Reading through this notebook will be reasonably quick to gain an intuition for what is happening. Rough time estimates for fully pruning the default model are given. Note that training with the PyTorch CPU implementation will be much slower than a GPU:
- 15 minutes on a GPU
- 45 minutes on a laptop CPU

## Background
Neural networks are generally overparameterized for given tasks (i.e., the number of parameters far exceeds the number of training points), yet they still generalize well. Overparameterization is contrary to conventional ML wisdom, where overparameterizing a model would traditionally lead to overﬁtting. The overall term for this is double descent and it is a very active area of research.

A side eﬀect of this overparameterization is that a large number of weights in deep learning networks can be pruned away (set to 0). This was discovered early on by Yann Lecun, but interest waned due to lack of applications at that time. Song Han's 2015 paper reinvigorated the area in pursuit of compressing model size for mobile applications. This renewed interest has resulted in numerous papers on the topic of weight pruning, ﬁlter pruning, channel pruning, and ultimately, block pruning. A Google paper gives a good overview of the current state of kernel sparsity (model pruning).

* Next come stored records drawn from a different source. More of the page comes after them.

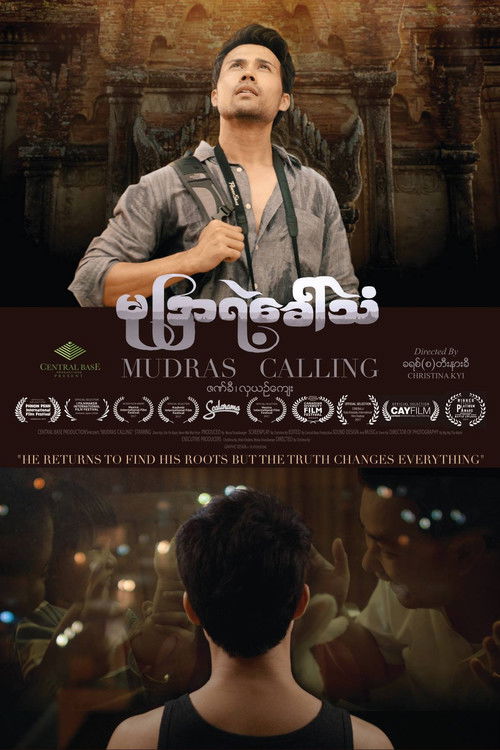 Mudras Calling poster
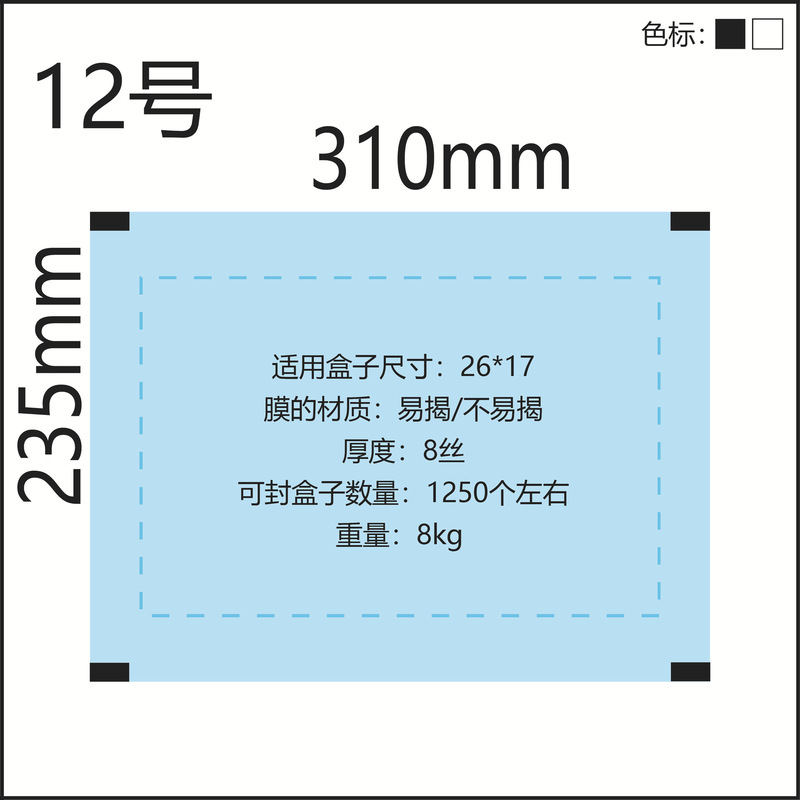 スポット透明シールフィルム弁当箱冷凍生肉既製野菜包装破れやすいロールフィルム高透明複合フィルム|undefined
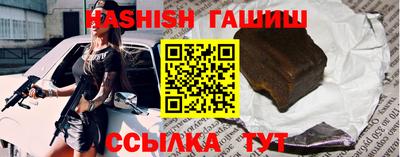 кокаин VHQ Рузаевка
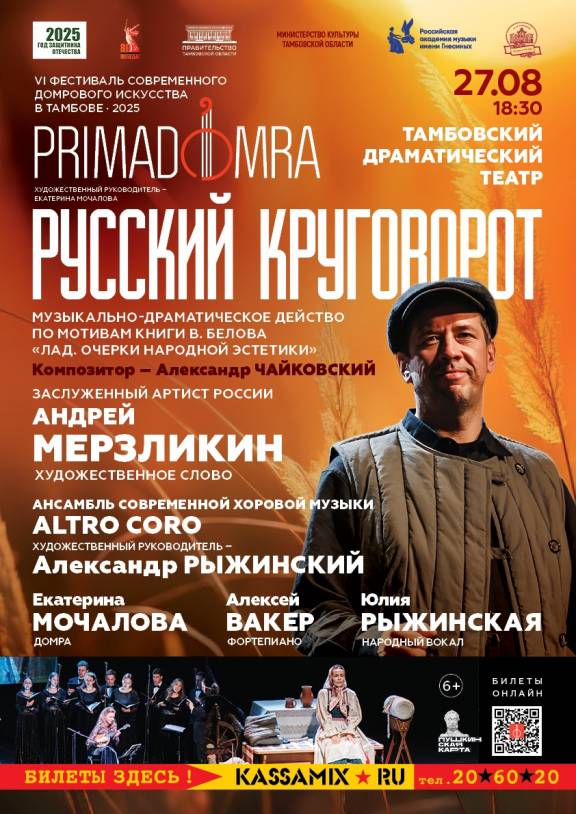 Встреча с актером театра и кино Андреем Мерзликиным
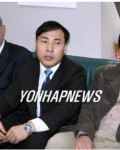 (연합뉴스) 중국민항기 사고 배상 (항공기 사고 손해배상 청구)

While pruning to increase kernel sparsity, we iteratively go through and remove weights based on their absolute magnitude. The smallest weights are the ones pruned ﬁrst. Generally, two properties enable us to do this: the self-regularizing effect of gradient descent as well as the L1 or L2 regularization functions applied to the weights. Weights that do not help in the optimization process are quickly reduced in absolute value. In this way, pruning can be thought of as an architecture search.

What does pruning get us? We now have a model with a lot of multiplications by zero that we don't need to run. If we're smart about how we structure this compute (a surprisingly tricky problem), we can run the model much faster than before! The pruned model plus the ability to run it quickly in the Neural Magic Inference Engine helps to optimize performance. Neural Magic makes it easier to apply the algorithm, giving you more information so you can apply the algorithm with better results.
In this notebook, you prune a simple CNN on the MNIST dataset using an Adam optimizer. However, the notebook is designed to be easily extendable for your model and dataset.  Guided instructions are provided in the notebook code comments. 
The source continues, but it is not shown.